- _Task goal_:
Below are the records; repeat exactly their lines between the line holding "Gente paseando por la calle. Gente" and the line holding "annacc999 online show", inclusive, skipping the pictures.

- _Raw data_:
○ ○ ○ ○ ○ ○ ○
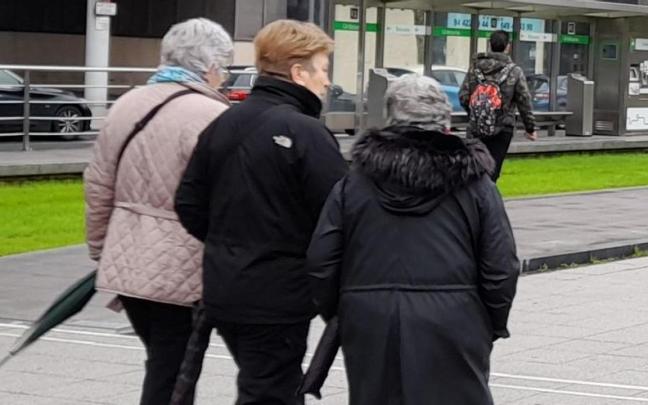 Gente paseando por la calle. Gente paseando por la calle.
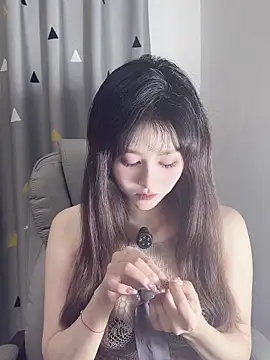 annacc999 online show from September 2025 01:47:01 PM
○ ○ ○ ○ ○ ○ ○
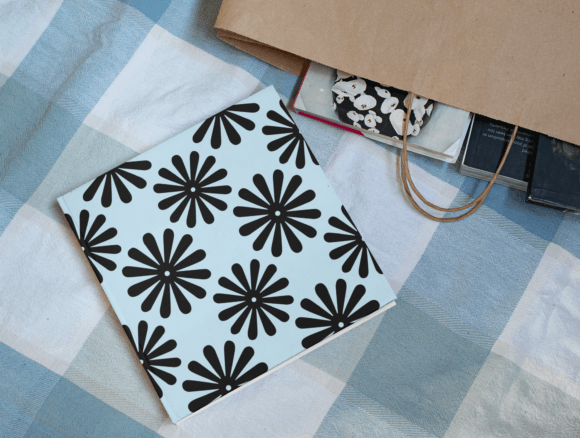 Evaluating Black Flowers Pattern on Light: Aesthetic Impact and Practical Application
○ ○ ○ ○ ○ ○ ○
- _Response area_:
 Gente paseando por la calle. Gente paseando por la calle.
 annacc999 online show from September 2025 01:47:01 PM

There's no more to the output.